TASK BRIEF:
Work through the listing below and give again exactly the lines from the one with "a wizard holding" to the one with "No Pain No Gain", both ends included. All other lines and all pictures stay out.

RECORDS FOR PROCESSING:
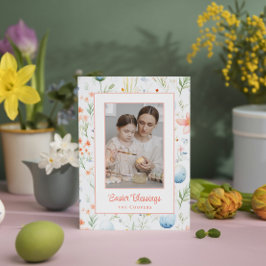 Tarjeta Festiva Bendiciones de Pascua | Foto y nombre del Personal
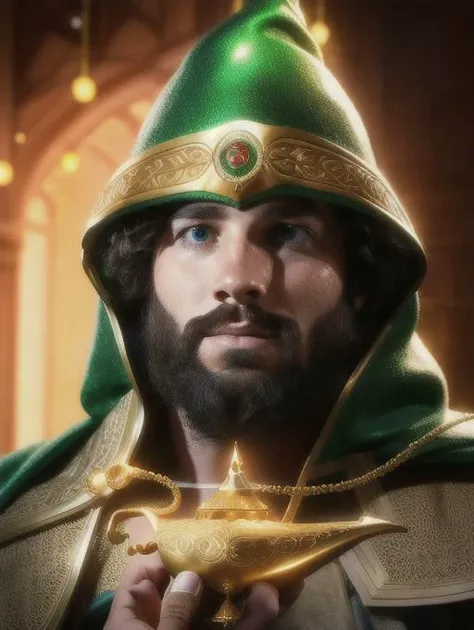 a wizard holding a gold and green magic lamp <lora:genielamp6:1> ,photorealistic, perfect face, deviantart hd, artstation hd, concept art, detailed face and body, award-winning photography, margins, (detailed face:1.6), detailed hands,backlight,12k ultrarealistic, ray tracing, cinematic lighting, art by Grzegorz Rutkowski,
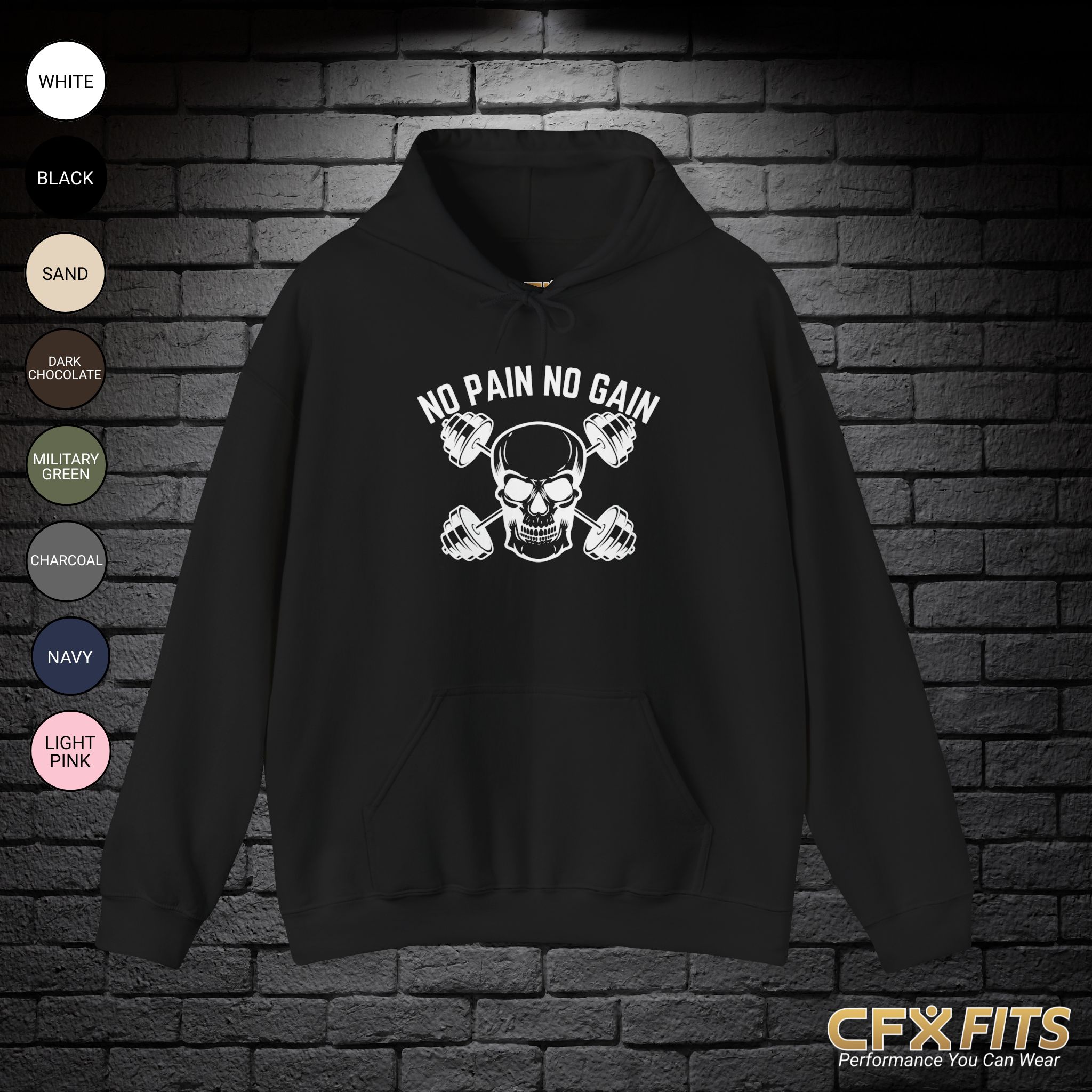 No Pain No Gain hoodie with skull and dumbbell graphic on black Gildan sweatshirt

...

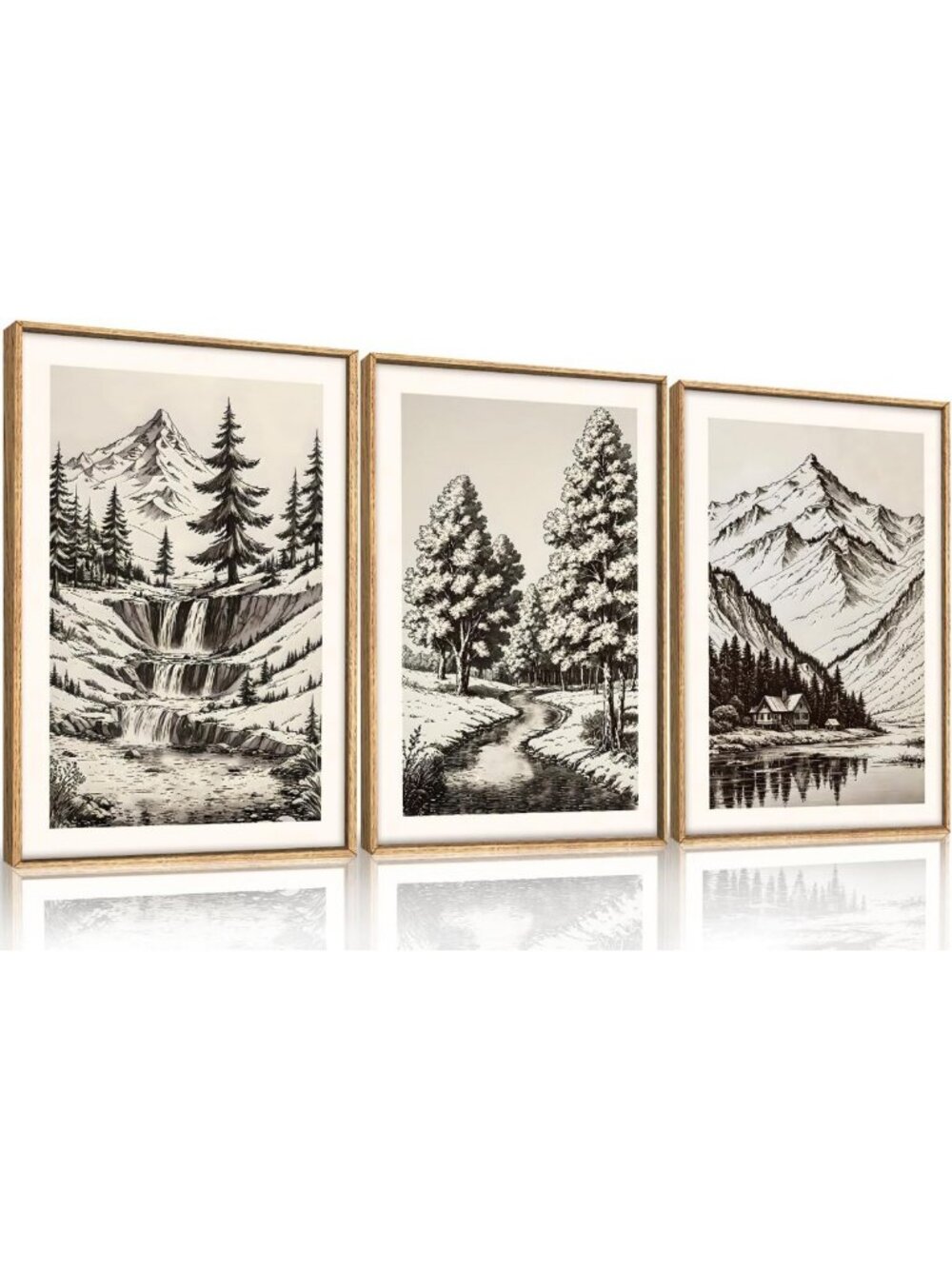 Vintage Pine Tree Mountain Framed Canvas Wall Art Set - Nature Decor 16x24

--

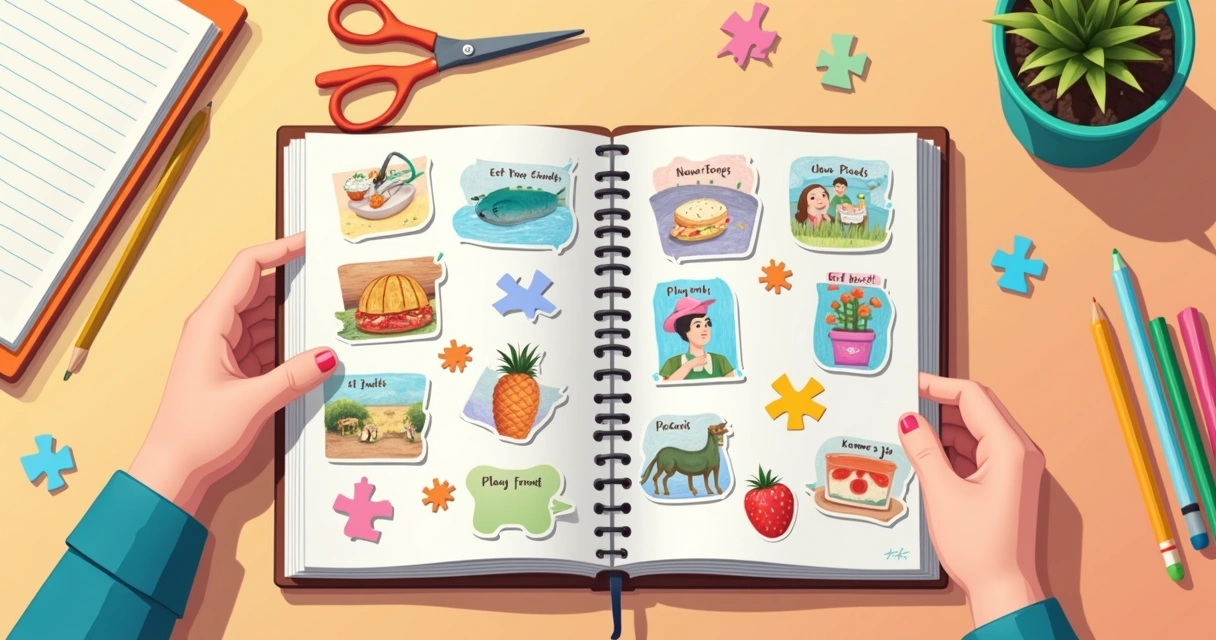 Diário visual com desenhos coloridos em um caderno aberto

RESULT OF THE TASK:
 a wizard holding a gold and green magic lamp <lora:genielamp6:1> ,photorealistic, perfect face, deviantart hd, artstation hd, concept art, detailed face and body, award-winning photography, margins, (detailed face:1.6), detailed hands,backlight,12k ultrarealistic, ray tracing, cinematic lighting, art by Grzegorz Rutkowski,
 No Pain No Gain hoodie with skull and dumbbell graphic on black Gildan sweatshirt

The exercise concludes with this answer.